When it comes to time differences, Kenya is 13-hours ahead of Hawaii, forcing Sabwa to typically attend classes from 2 to 5 in the morning. Despite waking up early, a big challenge with his time difference is getting confused with his class times. A class in Hawaii that’s on Mondays at 1 p.m. is Tuesday at 2 a.m. in Kenya.

“Along with meetings, I need to make sure I have the right timing when I’m planning meetings with people in Hawaii,” he said.

Akot “Bill” Awet is back at home in his country of Australia. The a 24-year-old Communications major opted to do online classes during this time because Australia had banned all international flights during the time when the semester first started. Australia has a 21-hour time difference from Hawaii and is ahead; because of this his classes and his professors are very understanding and allow flexible work submissions according to his time zone.

“I’ve been doing Zoom for my classes,” said Awet, who also competes for the Chaminade men’s basketball team. “It’s been an okay experience. At the beginning of the semester, I was expected to attend Zoom sessions but toward the end, my teachers started recording the sessions and sending them to me.”

First-year CUH student and Accounting major Jim Michael Ham chose to stay in Saipan during this ongoing pandemic because of the uncertainty with Covid-19 and his parents’ concern for him traveling to Hawaii. He was disappointed and sad to spend his first semester of college online and never had imagined his first college semester to be this way.

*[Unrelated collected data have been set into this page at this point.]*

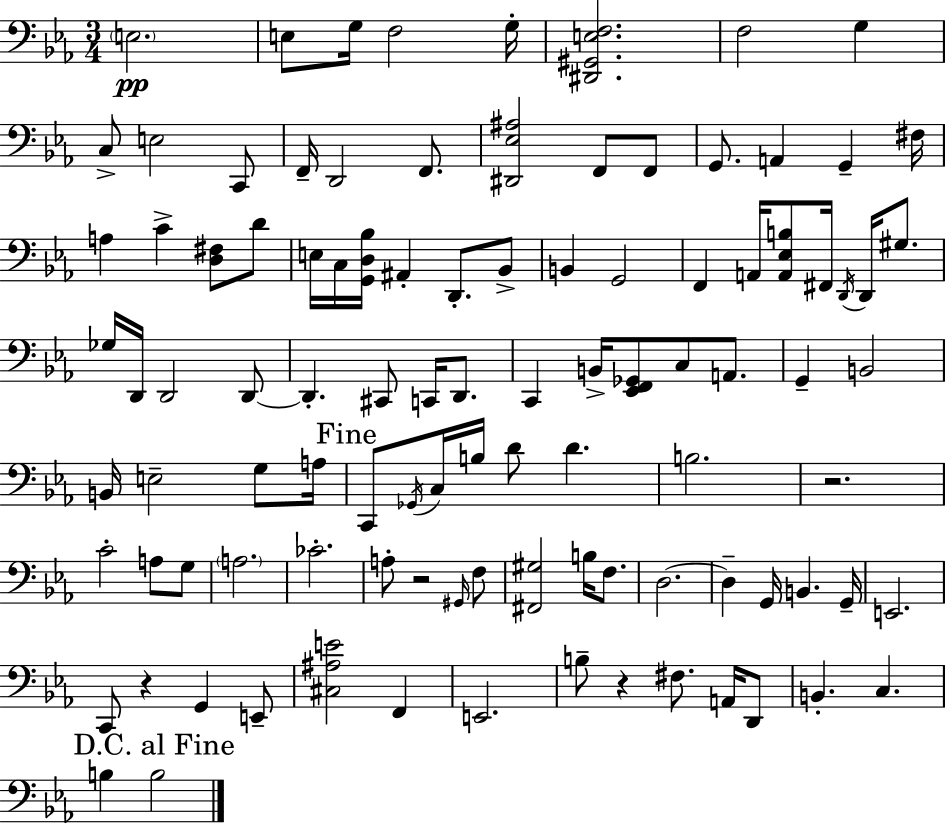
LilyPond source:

{
  \clef bass
  \numericTimeSignature
  \time 3/4
  \key c \minor
  \repeat volta 2 { \parenthesize e2.\pp | e8 g16 f2 g16-. | <dis, gis, e f>2. | f2 g4 | \break c8-> e2 c,8 | f,16-- d,2 f,8. | <dis, ees ais>2 f,8 f,8 | g,8. a,4 g,4-- fis16 | \break a4 c'4-> <d fis>8 d'8 | e16 c16 <g, d bes>16 ais,4-. d,8.-. bes,8-> | b,4 g,2 | f,4 a,16 <a, ees b>8 fis,16 \acciaccatura { d,16 } d,16 gis8. | \break ges16 d,16 d,2 d,8~~ | d,4.-. cis,8 c,16 d,8. | c,4 b,16-> <ees, f, ges,>8 c8 a,8. | g,4-- b,2 | \break b,16 e2-- g8 | a16 \mark "Fine" c,8 \acciaccatura { ges,16 } c16 b16 d'8 d'4. | b2. | r2. | \break c'2-. a8 | g8 \parenthesize a2. | ces'2.-. | a8-. r2 | \break \grace { gis,16 } f8 <fis, gis>2 b16 | f8. d2.~~ | d4-- g,16 b,4. | g,16-- e,2. | \break c,8 r4 g,4 | e,8-- <cis ais e'>2 f,4 | e,2. | b8-- r4 fis8. | \break a,16 d,8 b,4.-. c4. | \mark "D.C. al Fine" b4 b2 | } \bar "|."
} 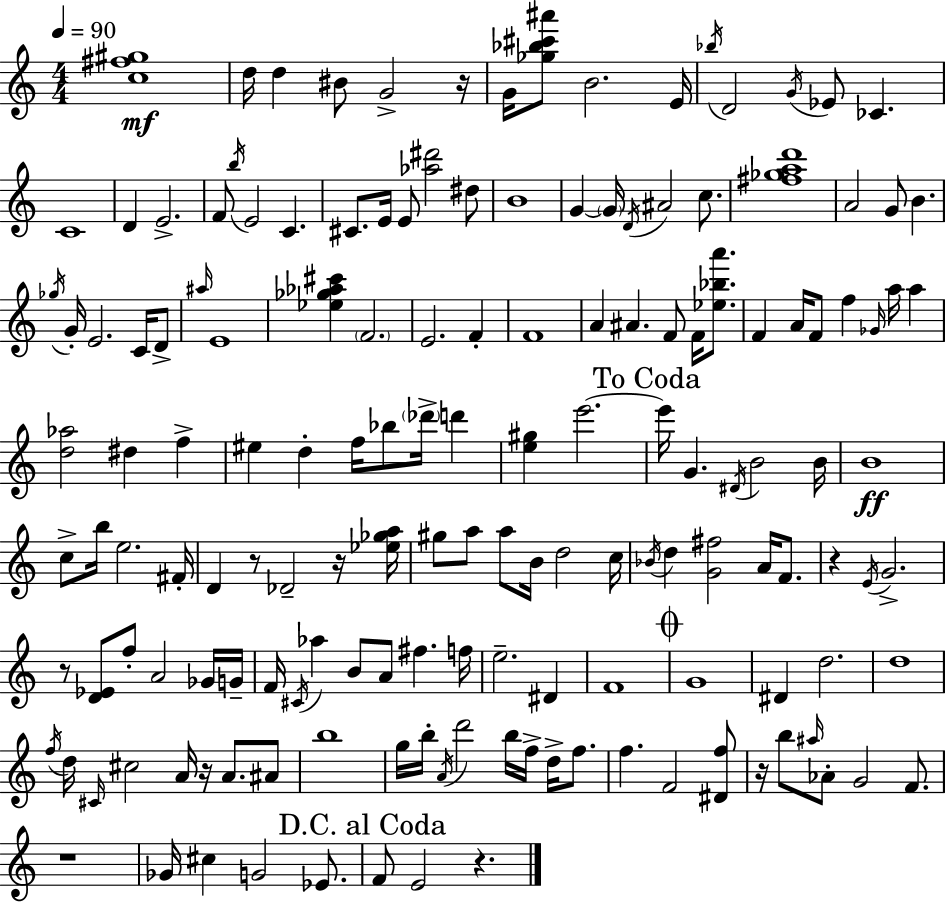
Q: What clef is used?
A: treble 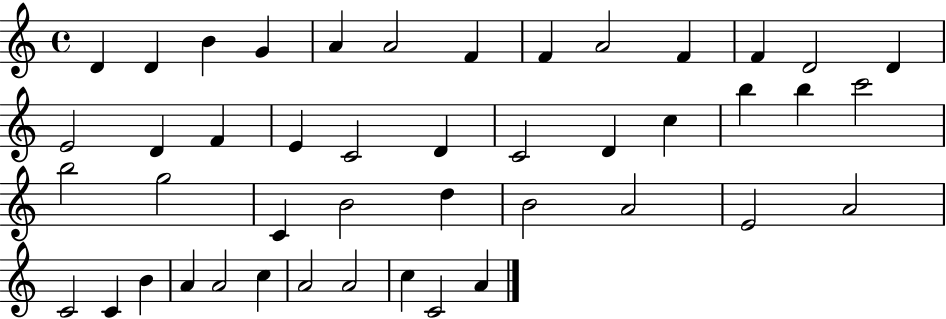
X:1
T:Untitled
M:4/4
L:1/4
K:C
D D B G A A2 F F A2 F F D2 D E2 D F E C2 D C2 D c b b c'2 b2 g2 C B2 d B2 A2 E2 A2 C2 C B A A2 c A2 A2 c C2 A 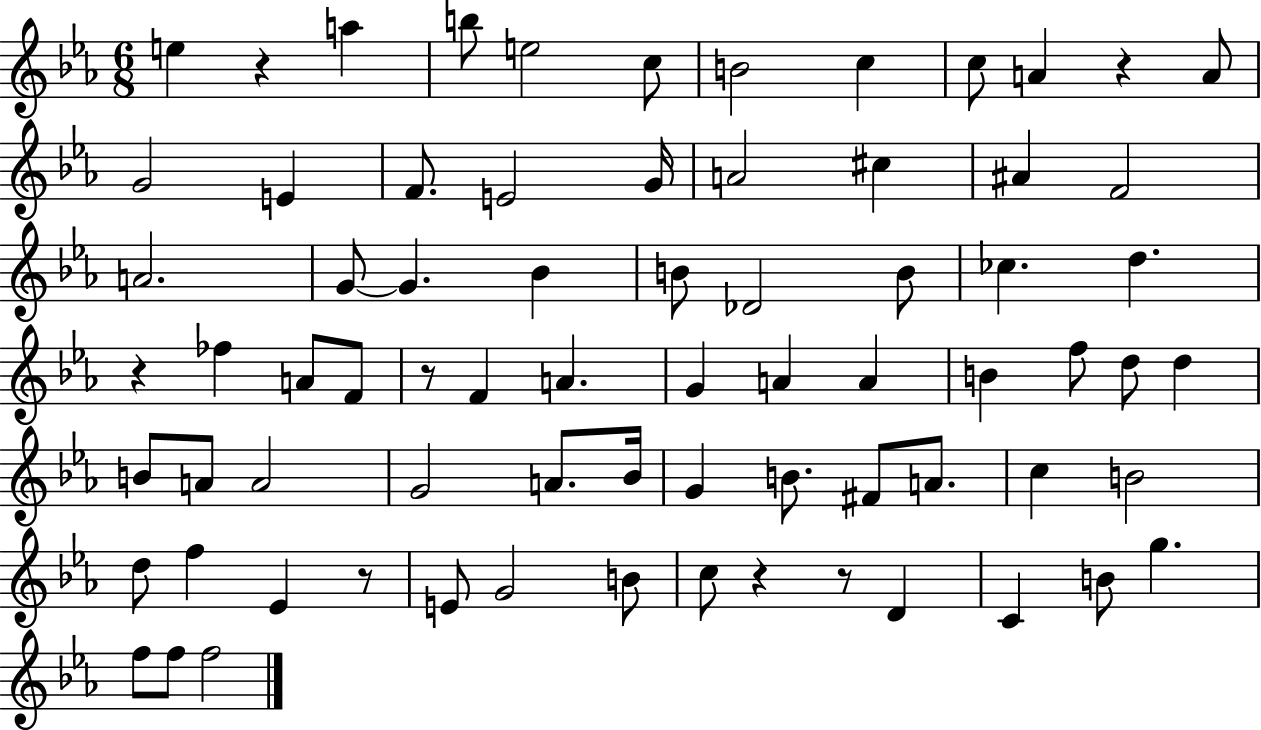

In the face of his disappointment to spend his college semester this way, the 17-year-old’s online experience has been “good for him.”

“Although the Zoom sessions for some of my classes are not mandatory, I still take part in those Zoom sessions, because if ever I have questions, I can ask my professor during that session without having to email them and wait for a response,” Ham said. “Also, taking part in a Zoom session allows me to communicate and converse with my professor and classmates, similar to an actual in-person college lecture/class. The only challenge I faced regarding online classes is the time difference, wherein I have to wake up early in the morning.”

Like Guam, Saipan is 20 hours ahead of Hawaii. Ham has to wake up early in the morning to attend his Zoom class sessions then goes back to sleep to wake up around 12 p.m.

“This has made me feel a bit more sluggish than usual, with me sometimes having to resort to short afternoon naps to keep me energized and awake throughout the day,” he said. “Because of this, I tend to be more active and do most of my school work during the night.”